### TASK INPUTS
○ ○ ○ ○ ○

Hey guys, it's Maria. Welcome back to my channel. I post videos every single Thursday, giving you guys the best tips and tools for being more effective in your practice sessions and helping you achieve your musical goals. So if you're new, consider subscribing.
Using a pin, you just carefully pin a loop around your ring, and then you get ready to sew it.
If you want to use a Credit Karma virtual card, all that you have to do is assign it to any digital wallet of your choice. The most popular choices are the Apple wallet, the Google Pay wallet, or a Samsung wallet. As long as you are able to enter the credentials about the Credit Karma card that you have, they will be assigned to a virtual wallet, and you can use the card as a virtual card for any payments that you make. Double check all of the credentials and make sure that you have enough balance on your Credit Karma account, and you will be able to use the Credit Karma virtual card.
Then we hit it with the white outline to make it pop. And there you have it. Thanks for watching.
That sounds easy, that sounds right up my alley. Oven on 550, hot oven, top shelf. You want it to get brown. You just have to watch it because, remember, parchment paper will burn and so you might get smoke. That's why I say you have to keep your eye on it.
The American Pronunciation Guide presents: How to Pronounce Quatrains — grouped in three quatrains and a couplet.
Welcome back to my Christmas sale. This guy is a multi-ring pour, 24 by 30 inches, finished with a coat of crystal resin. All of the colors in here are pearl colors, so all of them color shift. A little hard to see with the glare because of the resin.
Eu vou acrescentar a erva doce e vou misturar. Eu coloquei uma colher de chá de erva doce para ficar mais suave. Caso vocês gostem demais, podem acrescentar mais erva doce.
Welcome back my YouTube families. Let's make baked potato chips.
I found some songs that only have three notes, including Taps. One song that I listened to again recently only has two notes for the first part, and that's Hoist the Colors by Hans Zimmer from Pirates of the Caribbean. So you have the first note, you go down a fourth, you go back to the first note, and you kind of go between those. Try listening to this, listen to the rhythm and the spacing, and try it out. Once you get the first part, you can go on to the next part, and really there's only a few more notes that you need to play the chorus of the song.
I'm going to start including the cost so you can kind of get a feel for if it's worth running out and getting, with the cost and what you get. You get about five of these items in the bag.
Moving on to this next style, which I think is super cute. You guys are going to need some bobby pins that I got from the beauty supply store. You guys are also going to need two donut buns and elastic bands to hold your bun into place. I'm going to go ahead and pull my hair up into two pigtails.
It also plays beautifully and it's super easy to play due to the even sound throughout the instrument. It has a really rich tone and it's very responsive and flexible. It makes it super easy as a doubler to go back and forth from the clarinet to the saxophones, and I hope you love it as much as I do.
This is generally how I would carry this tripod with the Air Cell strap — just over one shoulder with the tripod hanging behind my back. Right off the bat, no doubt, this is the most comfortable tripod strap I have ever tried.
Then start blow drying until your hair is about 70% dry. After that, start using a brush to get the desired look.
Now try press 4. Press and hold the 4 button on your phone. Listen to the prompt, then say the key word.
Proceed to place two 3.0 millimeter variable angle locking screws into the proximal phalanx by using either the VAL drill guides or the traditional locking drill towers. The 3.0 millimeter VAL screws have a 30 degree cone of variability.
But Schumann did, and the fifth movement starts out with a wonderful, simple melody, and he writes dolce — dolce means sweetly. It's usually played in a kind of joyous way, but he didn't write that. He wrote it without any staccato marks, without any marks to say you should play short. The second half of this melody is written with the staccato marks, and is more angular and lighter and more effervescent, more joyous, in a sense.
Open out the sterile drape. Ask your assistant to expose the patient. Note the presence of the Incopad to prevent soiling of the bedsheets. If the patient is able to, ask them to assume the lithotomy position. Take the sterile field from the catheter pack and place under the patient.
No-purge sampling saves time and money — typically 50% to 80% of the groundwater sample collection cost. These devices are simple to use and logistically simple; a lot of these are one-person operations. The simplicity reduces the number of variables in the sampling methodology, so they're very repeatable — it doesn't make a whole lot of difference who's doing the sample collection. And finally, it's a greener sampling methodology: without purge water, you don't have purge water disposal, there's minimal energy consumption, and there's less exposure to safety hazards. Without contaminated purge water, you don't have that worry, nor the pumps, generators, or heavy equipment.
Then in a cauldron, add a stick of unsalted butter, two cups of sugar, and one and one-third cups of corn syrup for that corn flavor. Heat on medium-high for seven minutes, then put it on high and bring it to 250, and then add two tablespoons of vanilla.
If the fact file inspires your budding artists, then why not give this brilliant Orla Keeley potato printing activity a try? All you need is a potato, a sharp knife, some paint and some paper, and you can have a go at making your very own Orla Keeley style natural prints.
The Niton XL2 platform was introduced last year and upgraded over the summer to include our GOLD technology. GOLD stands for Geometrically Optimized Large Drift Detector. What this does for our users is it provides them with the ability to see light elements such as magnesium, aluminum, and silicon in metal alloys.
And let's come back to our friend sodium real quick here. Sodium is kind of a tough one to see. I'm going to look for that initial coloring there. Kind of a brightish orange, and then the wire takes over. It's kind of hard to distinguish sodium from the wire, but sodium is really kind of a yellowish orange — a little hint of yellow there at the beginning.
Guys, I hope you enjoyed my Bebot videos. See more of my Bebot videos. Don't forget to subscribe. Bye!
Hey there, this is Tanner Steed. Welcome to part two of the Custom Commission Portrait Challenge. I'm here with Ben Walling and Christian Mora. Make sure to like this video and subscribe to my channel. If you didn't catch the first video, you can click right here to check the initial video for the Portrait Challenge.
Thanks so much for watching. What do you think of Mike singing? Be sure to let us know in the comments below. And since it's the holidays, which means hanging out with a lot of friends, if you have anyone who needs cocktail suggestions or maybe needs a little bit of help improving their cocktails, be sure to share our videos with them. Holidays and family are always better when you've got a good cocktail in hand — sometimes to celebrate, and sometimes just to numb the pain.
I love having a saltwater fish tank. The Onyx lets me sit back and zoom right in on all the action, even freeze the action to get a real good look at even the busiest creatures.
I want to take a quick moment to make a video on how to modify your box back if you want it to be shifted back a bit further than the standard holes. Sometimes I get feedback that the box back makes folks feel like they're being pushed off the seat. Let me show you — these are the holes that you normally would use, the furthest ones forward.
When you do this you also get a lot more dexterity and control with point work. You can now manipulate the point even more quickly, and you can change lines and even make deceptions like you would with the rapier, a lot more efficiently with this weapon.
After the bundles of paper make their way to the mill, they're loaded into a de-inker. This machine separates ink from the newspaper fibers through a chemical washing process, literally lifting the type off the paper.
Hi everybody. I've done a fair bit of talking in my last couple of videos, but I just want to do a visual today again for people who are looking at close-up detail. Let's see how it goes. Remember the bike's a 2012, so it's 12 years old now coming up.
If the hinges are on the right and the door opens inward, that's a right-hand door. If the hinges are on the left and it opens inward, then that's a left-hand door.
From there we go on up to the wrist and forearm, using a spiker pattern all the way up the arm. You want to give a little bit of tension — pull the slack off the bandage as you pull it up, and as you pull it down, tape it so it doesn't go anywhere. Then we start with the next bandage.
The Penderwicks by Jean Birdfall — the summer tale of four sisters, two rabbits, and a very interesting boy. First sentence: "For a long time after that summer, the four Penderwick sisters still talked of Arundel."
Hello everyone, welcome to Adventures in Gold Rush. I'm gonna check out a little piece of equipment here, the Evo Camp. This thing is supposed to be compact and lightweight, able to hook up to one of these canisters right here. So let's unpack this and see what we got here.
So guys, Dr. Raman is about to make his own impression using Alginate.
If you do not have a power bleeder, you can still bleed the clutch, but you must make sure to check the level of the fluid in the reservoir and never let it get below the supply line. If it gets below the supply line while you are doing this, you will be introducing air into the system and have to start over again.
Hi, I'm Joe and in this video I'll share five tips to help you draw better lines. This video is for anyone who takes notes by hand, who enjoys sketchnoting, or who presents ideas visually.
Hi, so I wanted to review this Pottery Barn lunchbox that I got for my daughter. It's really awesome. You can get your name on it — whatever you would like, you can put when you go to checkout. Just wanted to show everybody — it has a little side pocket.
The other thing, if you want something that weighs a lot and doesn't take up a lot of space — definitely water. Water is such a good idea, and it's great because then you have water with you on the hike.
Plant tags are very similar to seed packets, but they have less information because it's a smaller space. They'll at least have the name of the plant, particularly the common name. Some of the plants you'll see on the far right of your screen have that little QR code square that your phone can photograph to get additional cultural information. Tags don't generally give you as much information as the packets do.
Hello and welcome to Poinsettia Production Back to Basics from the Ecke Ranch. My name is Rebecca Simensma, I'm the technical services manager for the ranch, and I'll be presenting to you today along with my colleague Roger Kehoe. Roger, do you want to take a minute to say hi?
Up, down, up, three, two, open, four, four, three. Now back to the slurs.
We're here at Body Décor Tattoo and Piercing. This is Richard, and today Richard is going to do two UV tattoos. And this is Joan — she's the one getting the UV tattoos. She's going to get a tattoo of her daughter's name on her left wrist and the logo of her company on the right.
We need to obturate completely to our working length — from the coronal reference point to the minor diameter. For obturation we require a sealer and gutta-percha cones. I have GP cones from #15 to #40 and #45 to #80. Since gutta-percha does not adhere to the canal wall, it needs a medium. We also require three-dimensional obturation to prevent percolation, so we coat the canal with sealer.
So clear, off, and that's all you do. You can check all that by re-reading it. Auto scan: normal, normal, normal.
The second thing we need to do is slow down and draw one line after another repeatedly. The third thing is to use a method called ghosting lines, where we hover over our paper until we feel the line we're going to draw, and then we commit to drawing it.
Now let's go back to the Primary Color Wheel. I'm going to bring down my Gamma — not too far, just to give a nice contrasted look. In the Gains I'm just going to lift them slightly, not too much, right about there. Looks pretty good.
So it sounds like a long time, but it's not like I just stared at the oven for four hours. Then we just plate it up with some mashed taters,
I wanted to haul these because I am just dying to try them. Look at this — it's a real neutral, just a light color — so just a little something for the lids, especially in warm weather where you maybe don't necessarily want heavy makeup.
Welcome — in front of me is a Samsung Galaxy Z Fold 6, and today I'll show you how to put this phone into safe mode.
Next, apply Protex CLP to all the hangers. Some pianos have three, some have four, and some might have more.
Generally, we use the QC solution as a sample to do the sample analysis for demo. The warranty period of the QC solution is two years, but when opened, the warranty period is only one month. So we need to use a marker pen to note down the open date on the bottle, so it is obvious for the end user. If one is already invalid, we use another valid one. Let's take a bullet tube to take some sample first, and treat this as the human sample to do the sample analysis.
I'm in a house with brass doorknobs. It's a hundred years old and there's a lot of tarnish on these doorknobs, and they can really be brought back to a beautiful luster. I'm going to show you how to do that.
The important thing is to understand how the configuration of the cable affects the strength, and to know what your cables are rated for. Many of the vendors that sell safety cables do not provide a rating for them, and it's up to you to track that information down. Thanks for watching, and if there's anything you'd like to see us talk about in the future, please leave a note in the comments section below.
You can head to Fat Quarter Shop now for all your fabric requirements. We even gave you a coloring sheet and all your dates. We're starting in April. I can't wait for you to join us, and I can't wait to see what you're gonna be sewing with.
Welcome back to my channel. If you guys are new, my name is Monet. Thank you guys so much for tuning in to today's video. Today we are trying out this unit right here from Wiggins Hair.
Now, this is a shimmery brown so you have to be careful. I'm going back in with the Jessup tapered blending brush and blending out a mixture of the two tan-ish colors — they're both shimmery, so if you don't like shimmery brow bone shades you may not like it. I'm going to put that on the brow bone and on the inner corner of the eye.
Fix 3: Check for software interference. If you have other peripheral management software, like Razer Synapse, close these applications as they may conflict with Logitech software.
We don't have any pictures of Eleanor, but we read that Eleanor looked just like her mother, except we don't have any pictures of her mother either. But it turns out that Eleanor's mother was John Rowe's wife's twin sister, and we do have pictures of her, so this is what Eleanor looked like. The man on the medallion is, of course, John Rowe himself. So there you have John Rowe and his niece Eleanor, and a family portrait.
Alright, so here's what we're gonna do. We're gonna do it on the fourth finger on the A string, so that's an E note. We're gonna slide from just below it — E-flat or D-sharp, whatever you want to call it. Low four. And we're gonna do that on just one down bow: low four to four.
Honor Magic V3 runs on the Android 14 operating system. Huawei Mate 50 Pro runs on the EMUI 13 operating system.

○ ○ ○ ○ ○

### YOUR ASSIGNMENT
Going back over the entries above, copy word for word every line from the one that has "I'm going to start" on through the one that has "Moving on to".

### REPLY
I'm going to start including the cost so you can kind of get a feel for if it's worth running out and getting, with the cost and what you get. You get about five of these items in the bag.
Moving on to this next style, which I think is super cute. You guys are going to need some bobby pins that I got from the beauty supply store. You guys are also going to need two donut buns and elastic bands to hold your bun into place. I'm going to go ahead and pull my hair up into two pigtails.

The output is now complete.